Being By Myself to Find Myself
By Josie
Being alone. I don’t like it. I never have. Just ask my roommate. I always come sit in her room to do homework. Not together, I might add. She does her thing, and I do mine. We don’t talk, but I just crave someone’s presence. I’ll ask my sister to run to the pharmacy with me, so I don’t have to go by myself. And I love talking on the phone when I drive, so I don’t have to sit there in silence. I’m an extrovert, and I thrive on other people’s energy. You can imagine that quarantine is not going well for me. Due to my disliking (dare I say, fear) of being alone, I never thought I would find empowerment at a time when I was all by myself.
Empowerment is a tricky thing. When my friend asked me to write this blog (Thanks Dana!), I spent days reflecting on what the word “empowerment” really means. I realized that the answer was staring me right in the face. Power. It’s right there in the word. For me, empowerment means feeling strong, capable, confident, independent—powerful. It means taking the reins and doing what you want for once. Empowerment is dreaming big. It’s wanting to prove someone wrong. It’s feeling like you can do anything. You’re invincible, unstoppable. Empowerment is also recognizing that maybe you just can’t do it right now. It means taking time for yourself. It’s saying yes and saying no. Empowerment is shamelessly taking a mirror selfie when you’re feeling yourself. It’s putting on a blazer before an interview. It’s lifting weights that are probably too heavy for you. It’s a Lizzo song on a bad day.
For me, it was going to the beach alone.
As a rising senior in college, I am so grateful to have had the opportunity to study abroad last year. I spent five months in Tarragona, Spain, which is about an hour away from Barcelona. Studying abroad instilled in me a newfound sense of confidence and security. I bet you’ve already rolled your eyes, but please hear me out before writing me off as one of those typical “study abroad kids” whose experience “changed their life” (But yes, it did).
With my college only a 30-minute drive from home, studying abroad was the first time I was really on my own. I never thought that I could live by myself for five months, let alone in a different country. So many things scared me: being away from my family, struggling in school, getting lost, speaking Spanish, missing home. But one thing scared me more than anything. You guessed it. Being alone. I was the only person going to Tarragona from my university. Would I make any friends? Would my roommate and I get along? Would I find people to travel with?
Thankfully, the answer to all those questions is yes! I met the most amazing people from all over the world: Spain, Syria, Italy, Slovakia, Venezuela, Costa Rica. I traveled with people I just met and had an incredible time. I made friends that I still talk to today. We were all united in this weird experience of being dropped in a random country and having to figure it out, and we all helped each other along the way.
Even though I found a new support system in Spain, I also learned how to rely on myself. I spent a lot of time alone, and I surprisingly found myself not hating it. Don’t get me wrong. It took me a long time to get this point. The first couple months were not easy. But little by little, I started to find that presence I craved from my roommate in myself.
I did things I never thought I could do, like going on trips by myself. I found out that I actually like flying alone. I stayed in hotels by myself and slept in rooms with nine other strangers, guys and girls. I slept in airports and ate in restaurants alone. I went to museums and churches and stores all by myself, and I enjoyed it.
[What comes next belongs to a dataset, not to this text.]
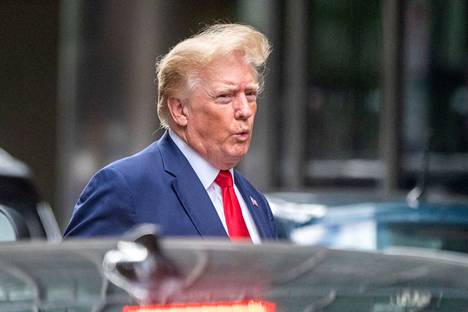 Donald Trump lähdössä Trump Towerista New Yorkissa keskiviikkona 10. elokuuta.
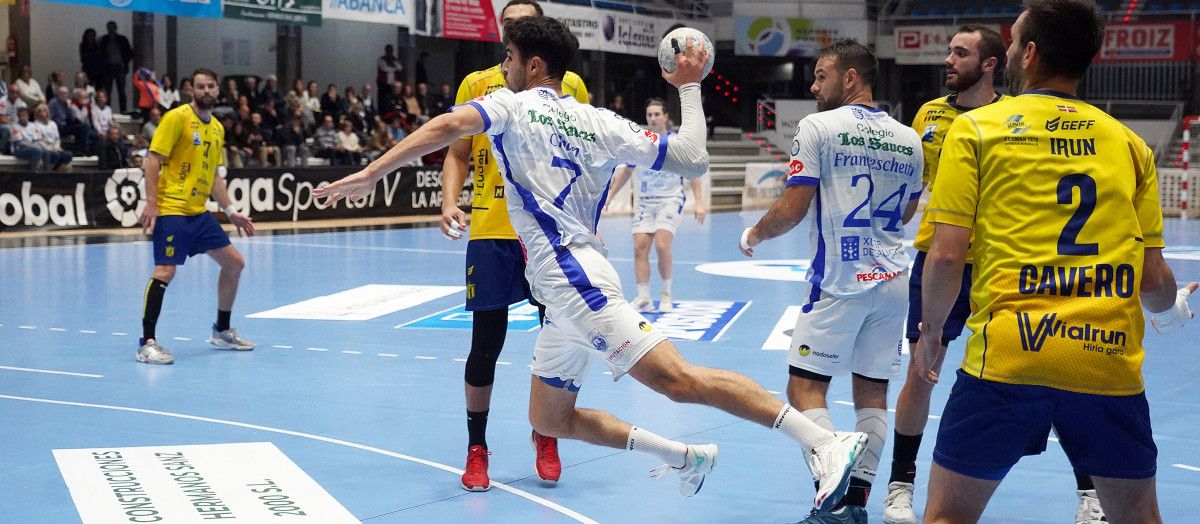 Álex Chan, no partido de Liga Asobal entre Cisne e Bidasoa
I felt free, confident, powerful. From the girl who couldn’t even go to the pharmacy alone, traveling the world alone was a pretty big deal for me.
Traveling also helped me to discover my love for the ocean, as the beach was only a 30 minute walk from my dorm. Needless to say, I spent every free minute there. The weather was beautiful during my last week in Tarragona, and I wanted to go to the beach one last time. I asked a bunch of my friends to come with me, but everyone was busy. Normally, I would’ve just stayed home, but this was different. At this point, I had moved to a new country and traveled the world alone. I wanted to go to the beach, and I was going to do it—with or without my friends.
And that’s exactly what I did. I found a nice spot, got a good tan, took a few dips in the ocean, and spent the whole afternoon at the beach by myself. And the thing was, I had never felt so content. I didn’t feel sad or lonely being by myself. I didn’t need anything or anyone else. I wasn’t craving someone else’s presence. I felt present in that moment. I felt every cool breeze, every splash of warm water, every grain of sand. I felt happy. At peace. Empowered.
Studying abroad made me feel empowered. It tested my limits and taught me that I’m stronger than I thought. I learned to be comfortable with myself. I learned that I am a powerful, independent person who can do things on her own. There’s no beach in Ohio, but now I know I can go to the cafeteria alone, and the library, the gym, the coffee shop, the party. Even though I’m the same people-loving person, I learned that I’m a pretty cool person to spend time with too.